Episode #077: When Serverless Fails - Unkey's 6x Performance Migration to Containers
Duration: 16 minutes | Speakers: Alex and Jordan | Target Audience: Senior platform engineers, SREs, DevOps engineers with 5+ years experience
Episode Summary
Why did an API key management platform abandon edge serverless for stateful containers? Unkey rebuilt their entire service after hitting 30ms p99 cache latency when they needed sub-10ms. The result: 6x performance improvement.

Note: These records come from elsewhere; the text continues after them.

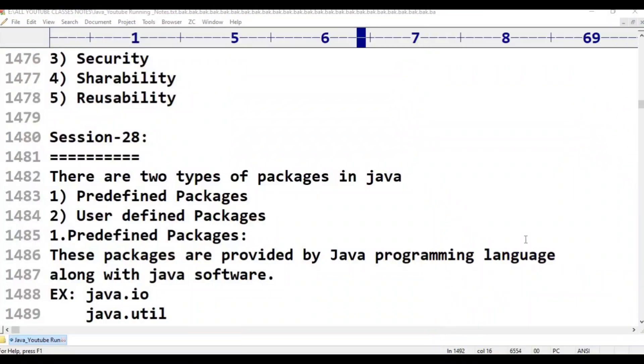Hello, welcome to Telugu OS Kit Tutorials. This is Java Programming Language, Class 28.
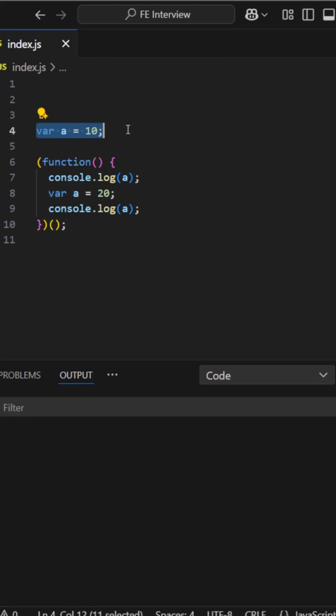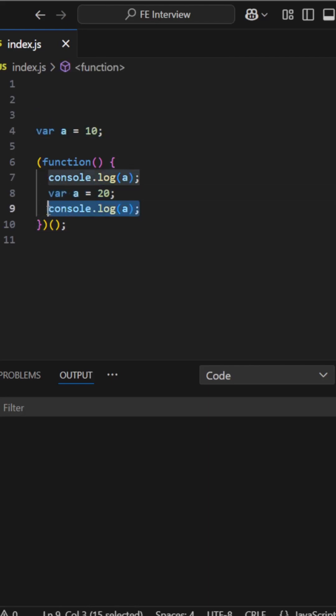We have a is equal to 10, then we are printing that variable, then we are redeclaring the same variable and then printing again. So what will be the output of this function?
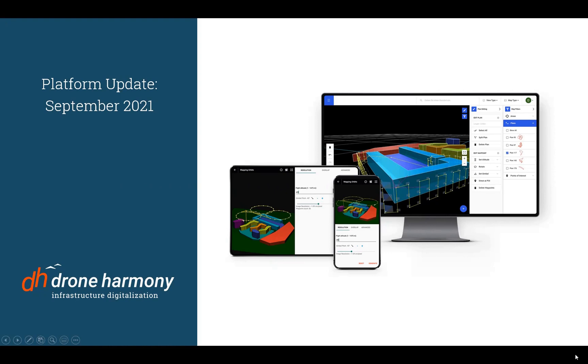Hello everyone. Welcome to the platform update for September 2021 for Drone Harmony. My name is David. I'm the product at Drone Harmony and in this short video I'll show you what's new in the Drone Harmony web interface in September 2021.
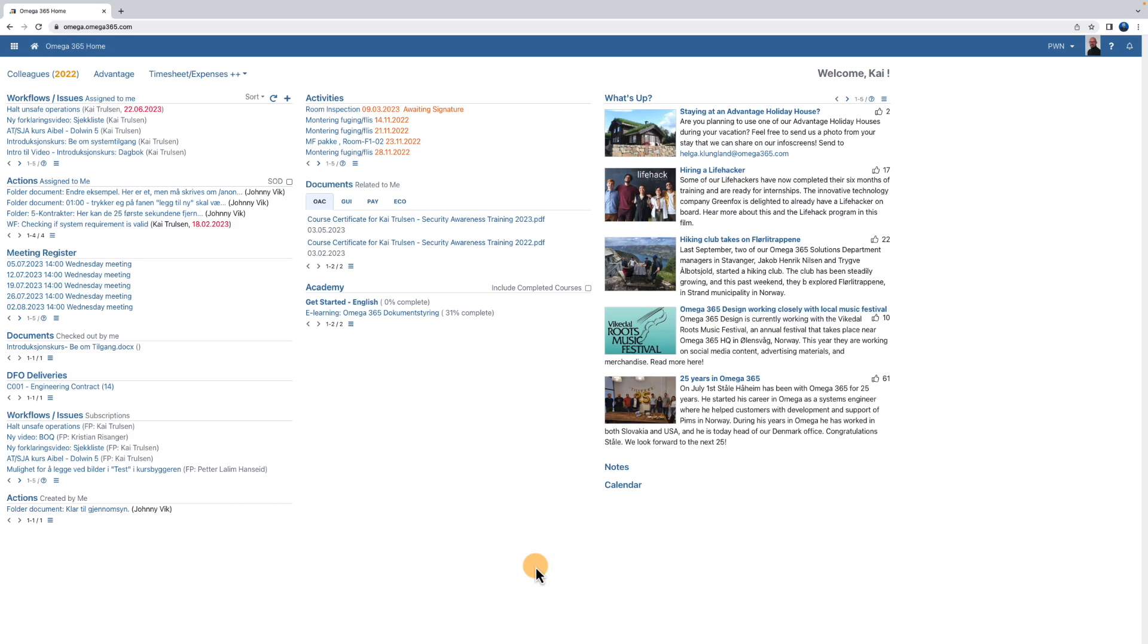The Omega 365 application checklists lets you create and save checklists that can be reused for tasks or activities that are performed frequently.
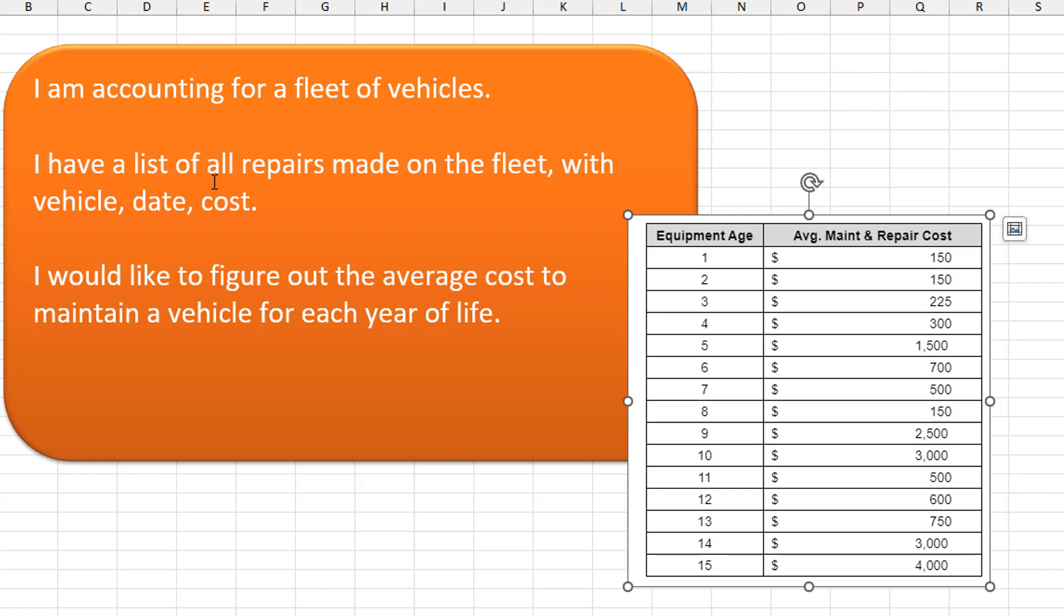Hey, this is a great question sent in by Derek. He has a fleet of vehicles that he's accounting for. He has a list of all the repairs made on the fleet with vehicle, date, and cost. From that, he wants to figure out the average cost to maintain and repair the vehicle. So like, does a 10-year-old truck cost more than a three-year-old truck?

This episode breaks down the technical decision-making framework every platform engineer needs.
Key Points
- Root Cause: 30ms p99 cache latency from serverless statelessness (target was sub-10ms)
- Solution: Migrated from Cloudflare Workers to AWS Fargate with Global Accelerator
- Result: 6x performance improvement
- Insight: "Zero network requests are always faster than one network request"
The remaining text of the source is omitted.